COVID-19, the death of George Floyd, and the aftermath of both tragedies have spawned vastly different interpretations and wildly different narratives that threaten to tear our country apart. It’s in times like these where leaders are needed, courageous and compassionate leaders who enter into the fray and find solutions for the friction.
How do you do that? Here are three essentials:
1. Set aside your own frame of reference
The most haunting lesson from Akira Kurosawa’s film is how motives and mindset affect the way we view events. As human beings, we pride ourselves on being unbiased witnesses to objective truth, when, in fact, that’s lightyears from actual reality.
When we understand that all of us bring our own biases into any situation and set them aside to enter into the perspective of another, at that moment we begin to lead. Lead instead of following the predetermined conclusions of ourself and others.
The first thing good leaders do in critical situations is stop and listen. But you can’t listen when the voices in your head are talking, talking, talking. Listening turns those voices off. It suspends its stories, sets aside its cultural narrative, and hears what’s being said. Without correction. Without recrimination.
I know this feels like jumping off a cliff or diving into a raging sea without a life jacket. But it really isn’t as bad as all that. In fact, I’ve found not having to defend a personal point of view liberating and listening to others extraordinarily effective in building connection and establishing credibility.
2. Respect the experiences of others
Listening gets the leadership ball rolling. Respect keeps it going.

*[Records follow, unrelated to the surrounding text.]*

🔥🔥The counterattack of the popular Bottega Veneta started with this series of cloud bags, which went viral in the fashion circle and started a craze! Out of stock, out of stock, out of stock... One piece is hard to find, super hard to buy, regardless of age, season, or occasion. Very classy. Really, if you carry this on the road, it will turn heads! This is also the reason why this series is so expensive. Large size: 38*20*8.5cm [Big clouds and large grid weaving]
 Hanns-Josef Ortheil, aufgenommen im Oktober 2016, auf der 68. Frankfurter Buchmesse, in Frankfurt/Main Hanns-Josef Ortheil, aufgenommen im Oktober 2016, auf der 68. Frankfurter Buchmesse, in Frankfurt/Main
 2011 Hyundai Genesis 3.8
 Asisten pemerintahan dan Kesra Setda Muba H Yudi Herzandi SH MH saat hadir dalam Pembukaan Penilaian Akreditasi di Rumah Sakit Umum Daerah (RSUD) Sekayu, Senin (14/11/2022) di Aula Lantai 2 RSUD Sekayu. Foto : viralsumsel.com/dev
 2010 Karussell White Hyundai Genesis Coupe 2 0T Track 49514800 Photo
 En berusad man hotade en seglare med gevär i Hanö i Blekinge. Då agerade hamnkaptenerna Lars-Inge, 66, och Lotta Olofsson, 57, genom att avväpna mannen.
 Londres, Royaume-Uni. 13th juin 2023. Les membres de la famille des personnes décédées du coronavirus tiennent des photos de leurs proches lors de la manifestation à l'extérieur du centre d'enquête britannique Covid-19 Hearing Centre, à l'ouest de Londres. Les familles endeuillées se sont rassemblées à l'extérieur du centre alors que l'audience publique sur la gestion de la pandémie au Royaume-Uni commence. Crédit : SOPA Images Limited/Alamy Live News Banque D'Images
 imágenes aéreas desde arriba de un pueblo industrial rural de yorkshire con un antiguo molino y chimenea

Five years ago, I was asked to facilitate the succession planning process for an organization that served at-risk youth in the inner city of Milwaukie, Wisconsin. The executive director, a deeply respected African American leader, was retiring, and the board wanted the organization he built to continue effectively serving the community.
I seem to have a unique ability in completing projects like this, and my relationship with the executive director, the board chairperson, and board members was flourishing. One morning after a fruitful working session, we went out to lunch at the iconic Jake’s Diner. Jake’s has the best sandwiches in the city, served with a side of sass.
Walking back to the car, the executive director pointed down the block and said to me, “See that street? That’s where I grew up.” He paused and then spoke somberly, “I remember tanks rolling down that street when I was a little boy to stop demonstrators from assembling.”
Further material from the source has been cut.